WHAT THE EXERCISE ASKS
Please output the following records exactly. Leave every image out.

DATA SECTION

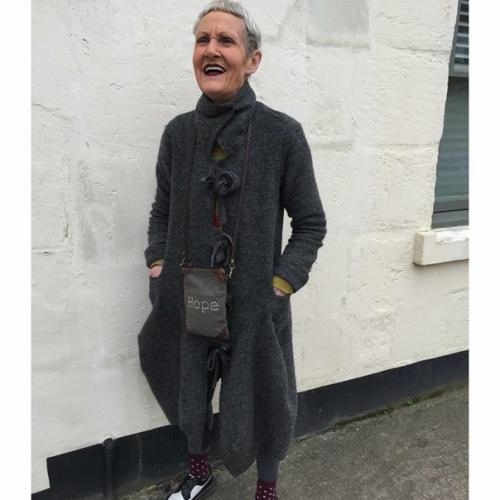 Джин Вудс - 80-летняя модница из британского города бат. 05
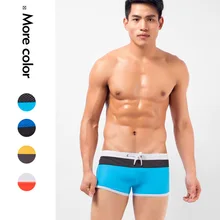 Сетка Для мужчин купальники пикантные Лоскутные мальчиков плавание боксеры дышащий плотно купальники человек пляжные Боксеры Человек пляжные шорты для плавания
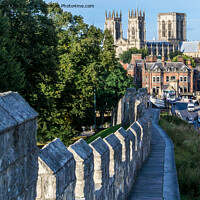 Buy canvas prints of York Minster from the City Wall by Jo Sowden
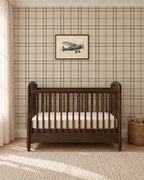 Cozy brown & cream traditional tartan plaid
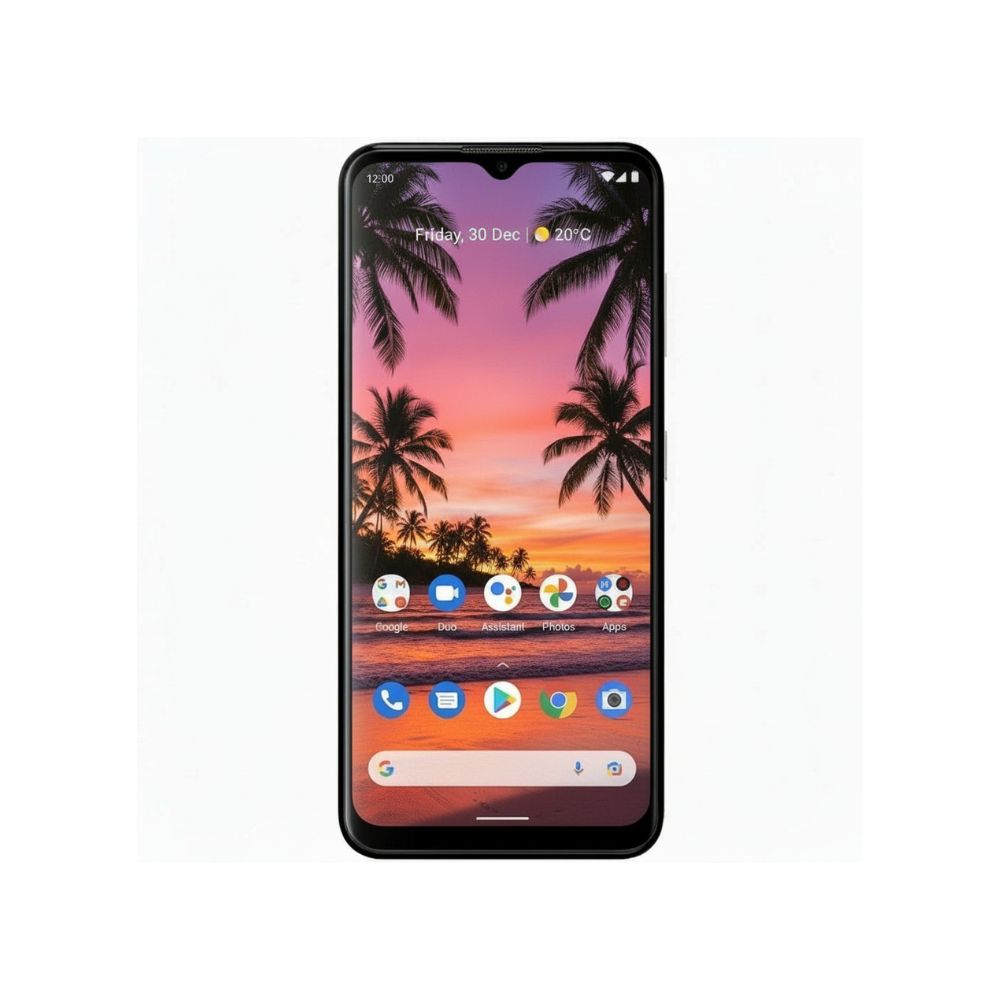 Nokia G60 5G ice grey shown at slight tilt displaying full design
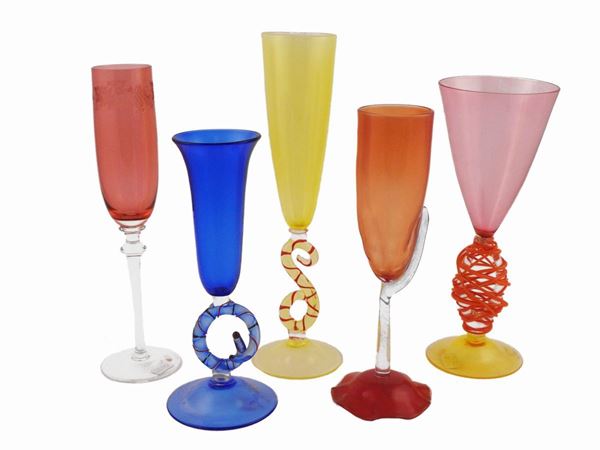 Five collectible glasses
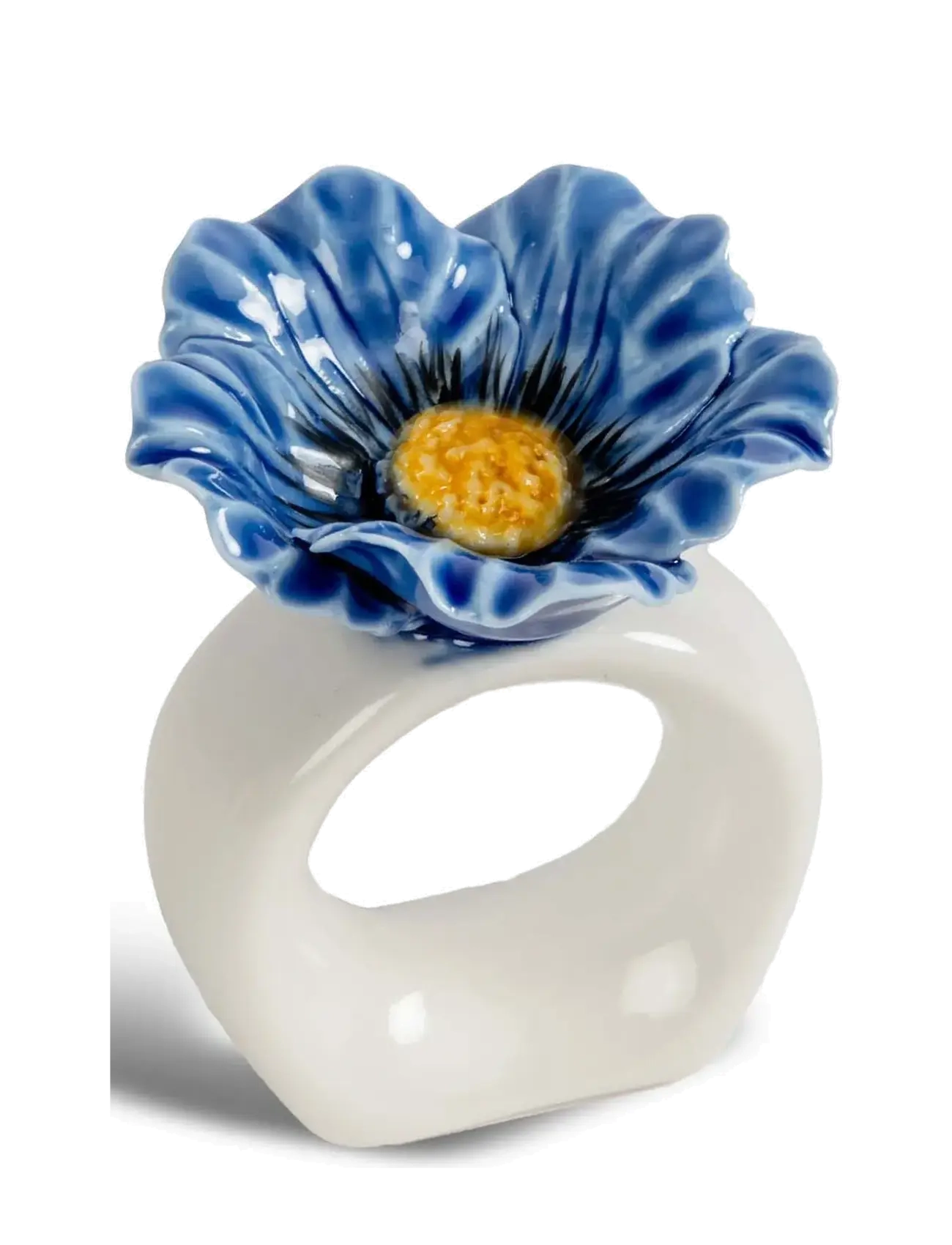 BYON Servietring Poppy, 2-Pak Blau - One Size - Unisex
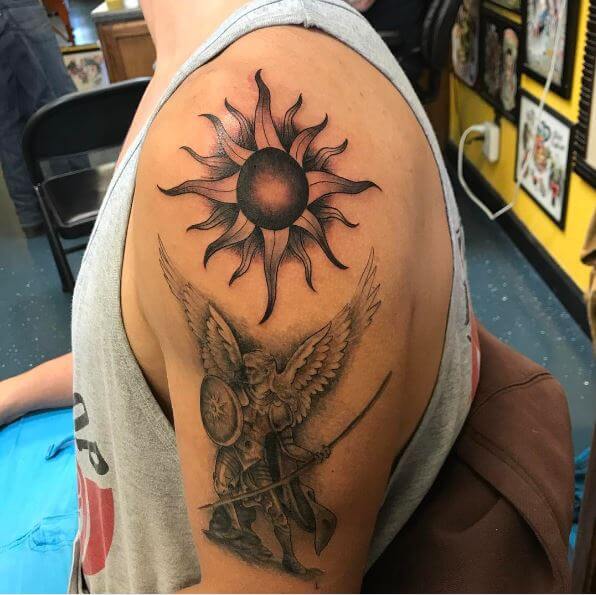 50+ Tribal Sun Tattoos For Guys (2023) Designs With Meaning
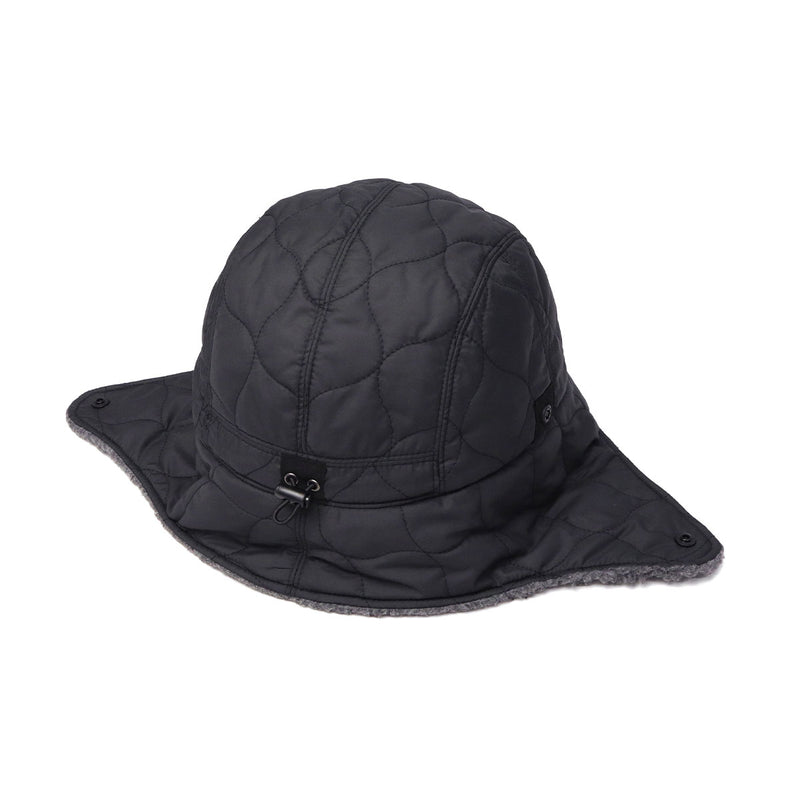 CA4LA ハット メンズ レディース 秋冬 カシラ 帽子 ブランド フライトキャップ 耳当て付き リバーシブル 耳あて シンプル カジュアル 防寒 撥水 キルティング ボア キルト 大人 日本製 HK FLAP JET HAT RV DOU02044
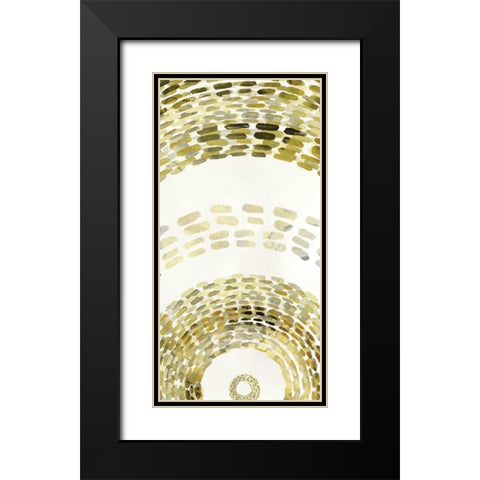 Gold Motif II Black Modern Wood Framed Art Print with Double Matting by Selkirk, Edward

TASK RESPONSE
 Джин Вудс - 80-летняя модница из британского города бат. 05
 Сетка Для мужчин купальники пикантные Лоскутные мальчиков плавание боксеры дышащий плотно купальники человек пляжные Боксеры Человек пляжные шорты для плавания
 Buy canvas prints of York Minster from the City Wall by Jo Sowden
 Cozy brown & cream traditional tartan plaid
 Nokia G60 5G ice grey shown at slight tilt displaying full design
 Five collectible glasses
 BYON Servietring Poppy, 2-Pak Blau - One Size - Unisex
 50+ Tribal Sun Tattoos For Guys (2023) Designs With Meaning
 CA4LA ハット メンズ レディース 秋冬 カシラ 帽子 ブランド フライトキャップ 耳当て付き リバーシブル 耳あて シンプル カジュアル 防寒 撥水 キルティング ボア キルト 大人 日本製 HK FLAP JET HAT RV DOU02044
 Gold Motif II Black Modern Wood Framed Art Print with Double Matting by Selkirk, Edward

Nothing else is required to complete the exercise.